賃貸住宅に暮らしとコミュニティをデザインする「女将」の仕事 | 賃貸住宅/高円寺アパートメント 東京都杉並区(2021年掲載事例記事)
高円寺アパートメントってどんなところ?
2017年4月。東京都杉並区の高円寺駅前から阿佐ヶ谷駅方面にガード下を抜けた線路脇に建つJRの旧社宅が「高円寺アパートメント」として生まれ変わりました。
建物前の階段状のデッキと芝生広場は、入居者はもちろん地域住民にも開かれ、1階に併設されたテナント区画にはカフェやライフスタイルショップがオープン。そこには、まるで公園にいるようにのびのびと過ごす人たちの姿があります。さらに、住宅専用の区画とともに、暮らしながら小商いができる「住宅兼店舗」、クリエイターが作品を制作・展示できる「住宅兼アトリエ」の区画も。加えての特徴は、「女将」として住人から親しまれるコミュニティマネージャーがいること。
自らもここに暮らし、入居者同士や入居者と地域住民のコミュニティが豊かに育まれることにひと役買う女将、株式会社まめくらし(以下、まめくらし)の宮田サラさんに、これからの賃貸住宅運営のヒントとなる高円寺アパートメント運営の裏側を伺いました。
高円寺アパートメントの女将を務める宮田サラさん。1階にて「まめくらし研究所」を運営しながら、コミュニティづくりを担う(提供:すべて高円寺アパートメント)。
高円寺アパートメントができるまでのストーリー
STEP 01 こんな経緯から始まった
賃貸住宅は「運営」する時代に
2棟合わせて50戸で構成されるアパートメント。JRの高架線と同じ高さにあたる3階の住戸は、土間スタイルのリビングをアトリエやギャラリーとして使用することができるデザイン。
住宅とまちを分断していたブロック塀はリノベーション時に撤去。
芝生を敷くことでオープンな空間に。
北側の庭ではハーブとベリーが育てられ、コミュニケーションの場のひとつとなっている(提供:すべて高円寺アパートメント)。

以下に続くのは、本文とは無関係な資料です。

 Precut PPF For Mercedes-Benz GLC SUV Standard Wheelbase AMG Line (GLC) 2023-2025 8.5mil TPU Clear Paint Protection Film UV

高円寺アパートメントの前身は、旧国鉄職員用の社宅でした。1965年に竣工され、需要縮小に伴って2016年3月に閉鎖された後は、しばらくそのままになっていため、周辺住民からは「廃墟のよう」と薄暗いイメージを持たれていたそう。そこで、ジェイアール東日本のグループ企業である株式会社ジェイアール東日本都市開発は、都市空間や公共空間のリノベーションを多く手掛ける建築設計事務所である株式会社Open A(以下、Open A)とともに、再生プロジェクトに着手することに。
「まちに開く」をコンセプトに設計やデザインを進めたOpen A代表の馬場正尊さんは「これからの賃貸住宅はハードが完成したら終わりではなく、運営への注力が重要」と考え、まめくらしの青木純さんに声をかけたそう。自らも大家として長年賃貸住宅の運営に携わってきた、物語のある豊かなコミュニティを育てるエキスパートです。そして、現場運営に入ることになったのが、まめくらしスタッフの宮田さんでした。

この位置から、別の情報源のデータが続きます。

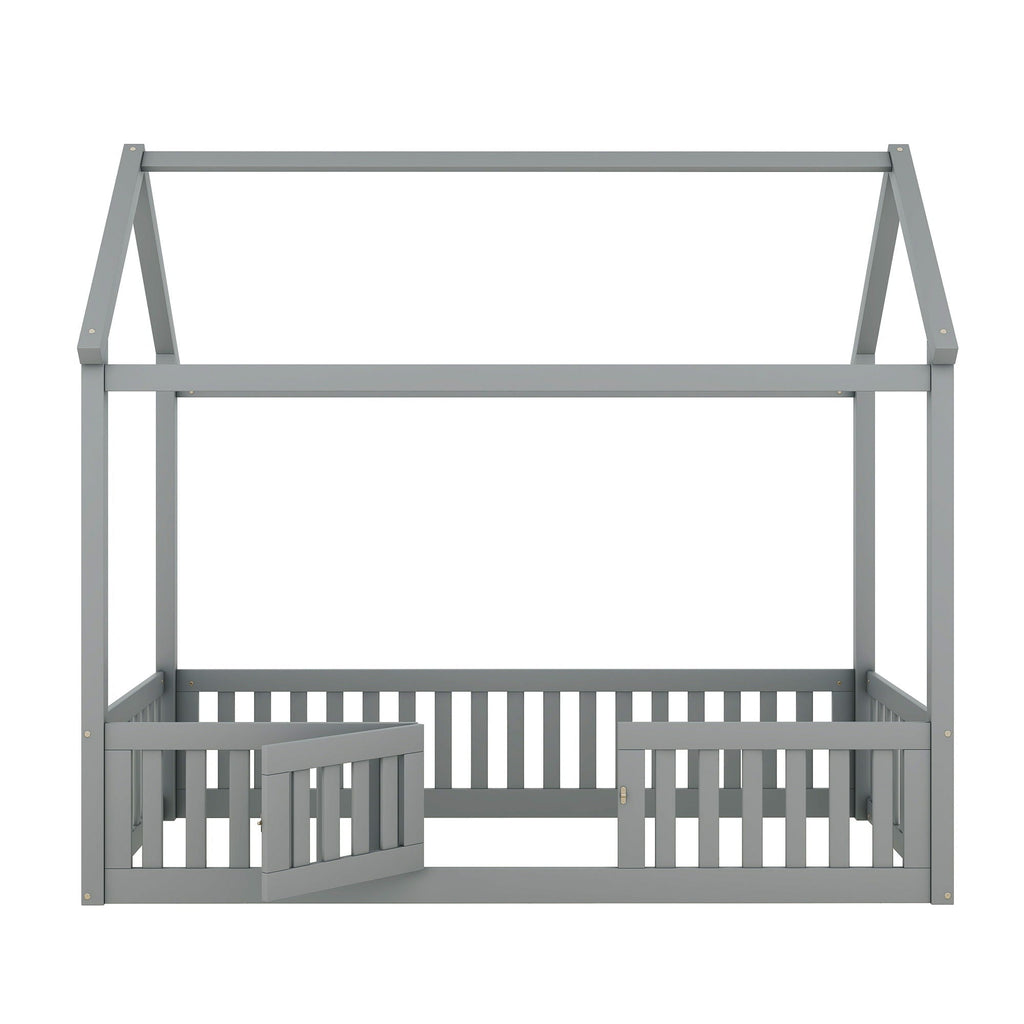 Wood House Bed With Fence And Door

「当初は、コミュニティーマネージャーを“通勤”で務めるイメージでのオファーだったと思います。当時は私も他のエリアに住んでいたので。でも、これまでの経験上、50世帯という規模のコミュニティーを、他のエリアから通いながら育てるのは難しい。それならと、思い切り向き合うために私も当事者としてここに暮らすことを決めました」(宮田さん)
ジェイアール東日本都市開発や東京R不動産とともに、入居者の募集をしながら、自らも1階の店舗兼用住宅に暮らしてお店を開きました。入居者募集では、描く未来を伝えることで価値観の重なる層を意識して集め、オープン前には、ほぼすべての入居枠が確定。年齢層は20代半ばから60代までと幅広くなった一方、制作系の仕事をしている方が多いという共通点があったそう。地域とのハブとしての役割も期待される1階の店舗区画には、焙煎コーヒーのお店と、クラフトビール&カレーのお店のオープンが決まりました。
2017年4月、いよいよ高円寺アパートメントの暮らしが始まりました。
STEP 02 仲間を見つける
入居者同士が出会うイベントをつくる
2017年7月開催の「おひろめマルシェ」では、入居者や近隣の店舗からの出店も。
2017年5月に開催した「同じ釜の飯を食べようの会」。共用の庭で使えるピクニックテーブルをD.I.Y.するなどの共同作業を組み込むことで仲良くなるきっかけをつくった。
この場所での暮らしを描いてくれたのは高円寺の老舗銭湯「小杉湯」の番台をしているイラストレーターの塩谷歩波さん作(提供:すべて高円寺アパートメント)。
まず企画したのは、住人同士の交流イベント。「他人だった入居者同士が、顔を合わせて仲良くなる場をつくりたい」という思いで開催しました。
「同じ釜の飯を食べようの会」では、各自がお茶碗とお箸、一品も持ち寄って、大きな鉄釜で炊いた白米を食べながら交流しました。宮田さんが、1階の店舗兼住居でライフスタイルショップ兼建築事務所を営む石井航さんと佳乃子さんのご夫妻と意気投合したのも、その時でした。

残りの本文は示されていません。